Hodson, Harriet (nee Newborn) (1805–1891)

Transcription of obituary published in the Primitive Methodist Magazine by F Rudd

Mrs Harriet Hodgson, of Fishlake, Doncaster Second circuit, was released from her watching and waiting on May 18th 1891.  Her maiden name was Newborn.  She was born at Burnham, near Epworth, and was the daughter of a well-to-do farmer.  When but a girl of fourteen years she experienced the new birth, and at once joined our society at Burnham, about eight years after the first class was formed.  Being naturally gifted and very zealous, she became a local preacher at the age of eighteen.  The circuit at that time was large, so that she often walked twenty miles and preached twice, and sometimetimes three times, on the Sunday.  She was sometimes associated with Revs Hugh Bourne and William Clowes on special occasions; and was a co-worker with John Oxtoby in conducting revival services. (Note: John Oxtoby, 1767–1830, nicknamed ‘Praying Johnny’ was an English evangelist and Primitive Methodist preacher).  She often preached in the open air and was in great request for camp meetings, preaching at these meetings along with Revs G Lamb, W Harland, Wm Sanderson, and other veterans of those early days. She remissioned Butterick, which for some reason had been left off the plan; Preaching in the street, crowds came to listen, the word spoken was with power; a society was formed, and a chapel was subsequently erected.  She assisted Rev G Lamb in missioning Hatfield, and preached at the opening of Duke Street chapel, Doncaster.  For about twenty years she preached nearly every Sunday, and always paid her own travelling expenses.
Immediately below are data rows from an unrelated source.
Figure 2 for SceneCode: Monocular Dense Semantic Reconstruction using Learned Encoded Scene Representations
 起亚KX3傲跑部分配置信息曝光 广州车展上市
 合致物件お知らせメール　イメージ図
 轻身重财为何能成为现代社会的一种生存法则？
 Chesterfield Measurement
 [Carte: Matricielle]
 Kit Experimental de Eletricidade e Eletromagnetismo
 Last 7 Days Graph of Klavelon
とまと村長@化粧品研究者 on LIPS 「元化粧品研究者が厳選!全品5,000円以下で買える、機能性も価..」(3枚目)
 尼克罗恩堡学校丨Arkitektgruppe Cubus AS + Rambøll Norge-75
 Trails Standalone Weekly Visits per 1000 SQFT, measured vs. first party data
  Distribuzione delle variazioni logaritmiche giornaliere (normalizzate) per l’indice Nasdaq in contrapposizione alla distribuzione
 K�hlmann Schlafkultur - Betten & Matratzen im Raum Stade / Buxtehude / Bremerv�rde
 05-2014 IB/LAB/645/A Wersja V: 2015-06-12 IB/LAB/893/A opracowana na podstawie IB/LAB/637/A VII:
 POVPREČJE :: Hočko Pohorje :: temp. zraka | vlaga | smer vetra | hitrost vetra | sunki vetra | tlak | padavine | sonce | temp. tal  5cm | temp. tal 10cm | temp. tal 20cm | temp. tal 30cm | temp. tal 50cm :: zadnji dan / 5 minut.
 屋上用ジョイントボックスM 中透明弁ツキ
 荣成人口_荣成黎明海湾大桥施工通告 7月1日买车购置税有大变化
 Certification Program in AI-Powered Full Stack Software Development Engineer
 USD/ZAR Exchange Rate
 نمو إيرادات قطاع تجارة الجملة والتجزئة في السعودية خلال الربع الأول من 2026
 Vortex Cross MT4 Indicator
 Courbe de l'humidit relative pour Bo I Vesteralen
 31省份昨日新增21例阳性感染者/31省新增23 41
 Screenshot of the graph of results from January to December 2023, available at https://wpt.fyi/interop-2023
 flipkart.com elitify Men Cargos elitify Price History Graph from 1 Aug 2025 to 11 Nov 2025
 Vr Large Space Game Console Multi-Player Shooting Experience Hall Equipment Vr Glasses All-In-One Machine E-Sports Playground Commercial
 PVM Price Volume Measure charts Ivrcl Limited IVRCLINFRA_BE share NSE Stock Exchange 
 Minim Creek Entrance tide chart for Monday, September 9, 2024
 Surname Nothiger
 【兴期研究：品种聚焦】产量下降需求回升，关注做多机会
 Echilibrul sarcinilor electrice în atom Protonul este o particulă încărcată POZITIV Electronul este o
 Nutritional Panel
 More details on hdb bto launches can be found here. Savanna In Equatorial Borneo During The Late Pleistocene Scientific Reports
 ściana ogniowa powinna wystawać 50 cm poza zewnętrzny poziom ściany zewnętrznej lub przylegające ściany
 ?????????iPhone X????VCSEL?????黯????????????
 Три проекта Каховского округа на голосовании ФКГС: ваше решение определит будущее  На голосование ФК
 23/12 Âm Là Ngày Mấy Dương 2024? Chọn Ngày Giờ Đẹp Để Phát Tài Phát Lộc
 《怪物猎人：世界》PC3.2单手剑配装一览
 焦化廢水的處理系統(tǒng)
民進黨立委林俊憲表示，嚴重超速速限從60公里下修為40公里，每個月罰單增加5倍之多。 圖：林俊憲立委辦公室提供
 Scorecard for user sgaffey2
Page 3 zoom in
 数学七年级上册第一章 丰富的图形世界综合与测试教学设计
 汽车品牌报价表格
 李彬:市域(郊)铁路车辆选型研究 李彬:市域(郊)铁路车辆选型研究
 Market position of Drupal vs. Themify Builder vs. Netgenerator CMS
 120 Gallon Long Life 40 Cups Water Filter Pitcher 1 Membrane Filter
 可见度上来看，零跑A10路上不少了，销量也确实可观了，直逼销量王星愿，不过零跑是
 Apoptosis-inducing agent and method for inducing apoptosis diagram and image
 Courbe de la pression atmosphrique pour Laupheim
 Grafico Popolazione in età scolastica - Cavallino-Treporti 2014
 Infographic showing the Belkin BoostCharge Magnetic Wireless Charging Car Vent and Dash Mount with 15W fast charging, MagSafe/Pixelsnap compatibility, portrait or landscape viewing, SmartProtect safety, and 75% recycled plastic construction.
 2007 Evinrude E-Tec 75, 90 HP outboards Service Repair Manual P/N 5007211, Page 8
She took a great interest in the young and was appointed the leader of a class of youths who had been converted.  She watched over her young charges with prayerful vigilance, and had the unspeakable joy of seeing three of the number, Revs Thomas Whitehead, George Whitehead and Robert Ducker, called into the ranks of the ministry, one of them becoming a Connexional Officer and President of the Conference.  She often spoke of them with pardonable pride.

After the death of her father she was invited to preach at the anniversary services of the chapel at Fishlake.  Her visit was a memorable one and marked an epoch in her life.  She became acquainted with Mr Hodson, a farmer and local preacher, who asked her to become his wife.  Accepting his offer, she left Burnham for her future home.  Her name was put on the Doncaster plan and she continued to take appointments as long as she was able.  Having one son, she consecrated him to God, and had the joy of seeing him become an efficient local preacher.  For seven years she paid the interest of the debt on the chapel herself.  We have now a prosperous society and a new chapel has been opened.

For some time she was unable to attend the house of God but she manifested earnest solicitude for the spiritual well-being of her grandchildren.  Only a few days before her death, one of her grandsons being ill, she went to his bedside and urged him to give himself to Jesus, praying with him, and pleading with him with all the earnestness she manifested in addressing a thousand people, finishing by saying she did wish to meet him in heaven.  In her last sickness she was calm, peaceful and confident.  She knew whom she had believed.  She fell asleep in Jesus in the eighty-seventh year of her age.

She was interred by the writer in the Fishlake churchyard, her funeral being the first conducted by a Nonconfirmist minister in Fishlake.  She has gone to join the earnest co-workers, the associates of her early labours in the church she loved so well.  She longed for rest, and God in His love has called her home where toil and suffering are unknown.


Harriet was born abt1805 at Burnham, nr Epworth, Lincolnshire, to parents Pogson Newborn, a farmer, and Ann Robinson. She was baptised on 7 January 1805 at Haxey, Lincolnshire.

She married Joseph Hodson (1775-1856), a farmer, on 25 December 1840 at Haxey, Lincolnshire. Census returns identify one child.

Harriet died on 18 May 1891 at Fishlake, Yorkshire.


Primitive Methodist Magazine 1894/311

Note: Some records, including the obituary record the surname as Hodgson.